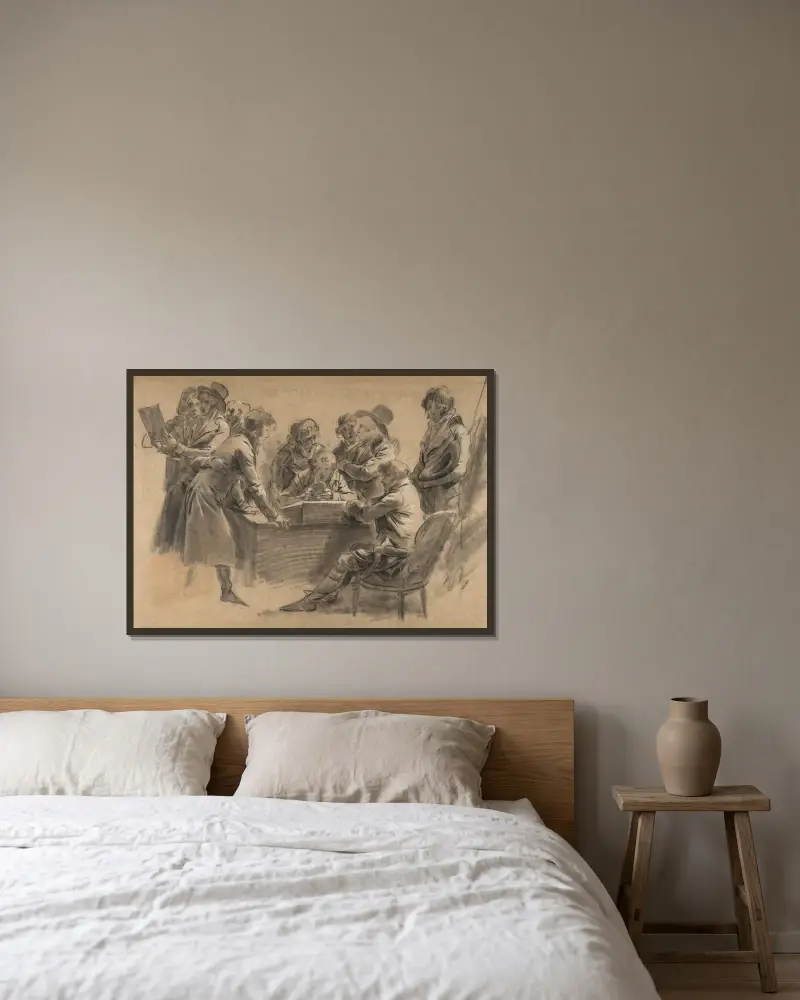 Künstlergruppe in Jean-Baptiste Isabeys Atelier von Louis-Léopold Boilly gerahmt an einer Wand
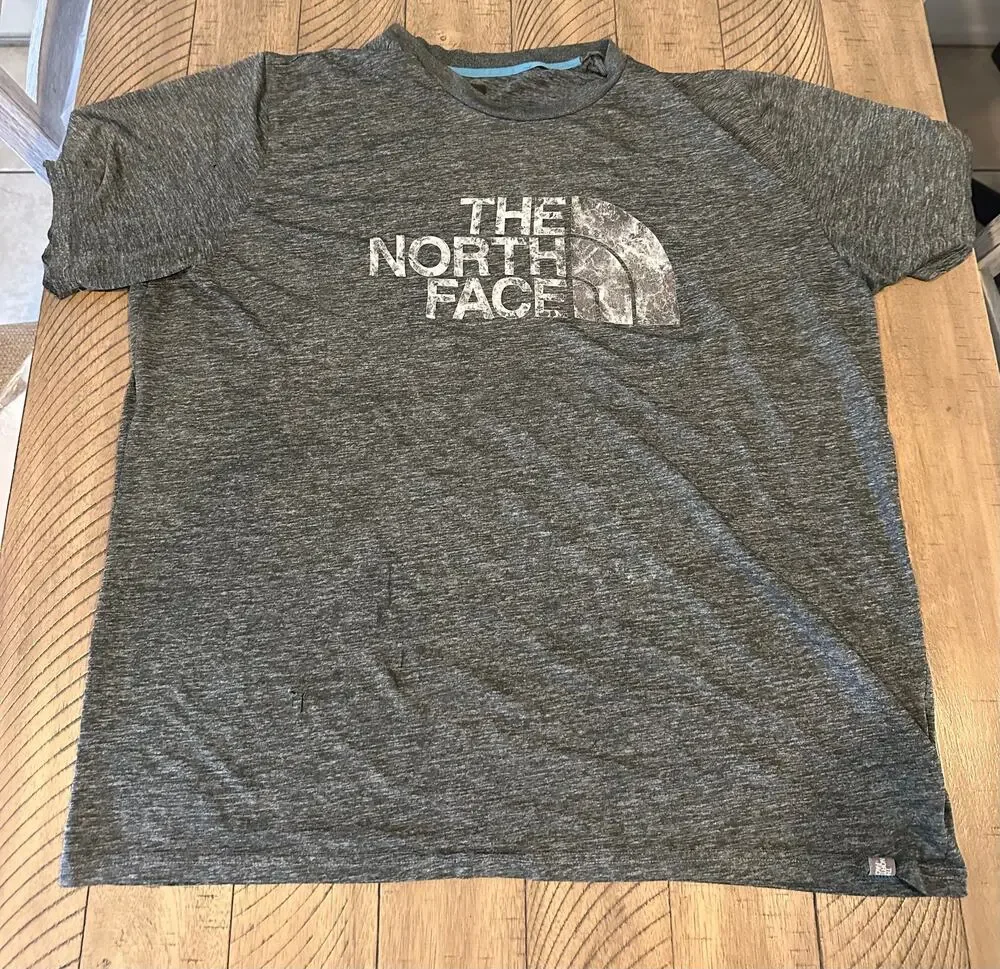 The North Face Heather Gray Short Sleeve T-Shirt Men's XL Distressed Logo Tee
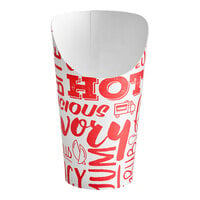 Choice Large 16 oz. Paper Scoop Cup with Hot Food Print Design - 50/Pack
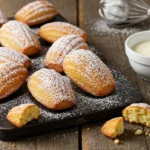 Madeleine cookies fresh out of the oven with a light golden brown color, showcasing their signature shell shape.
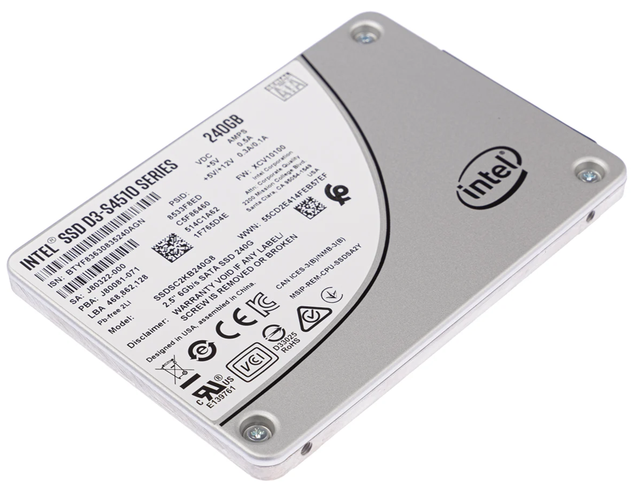 Intel SSDSC2KB240G801 240GB SATA 24Gbps 2.5" Internal Metal Enterprise Server SSD D3 S4510 New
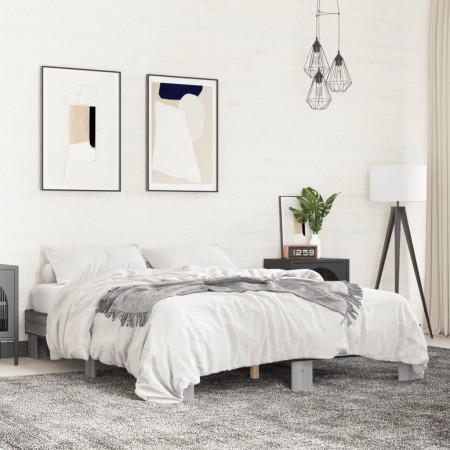 Estructura cama madera ingeniería metal gris Sonoma 150x200 cm de vidaXL, Camas y somieres - Ref: Foro24-3280235, Precio: 126...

########################################

• [What is being asked]:
No pictures belong in the copy: reproduce exactly the lines above from the one that contains "Intel SSDSC2KB240G801 240GB" through the last line of the entries.

• [Completed task]:
 Intel SSDSC2KB240G801 240GB SATA 24Gbps 2.5" Internal Metal Enterprise Server SSD D3 S4510 New
 Estructura cama madera ingeniería metal gris Sonoma 150x200 cm de vidaXL, Camas y somieres - Ref: Foro24-3280235, Precio: 126...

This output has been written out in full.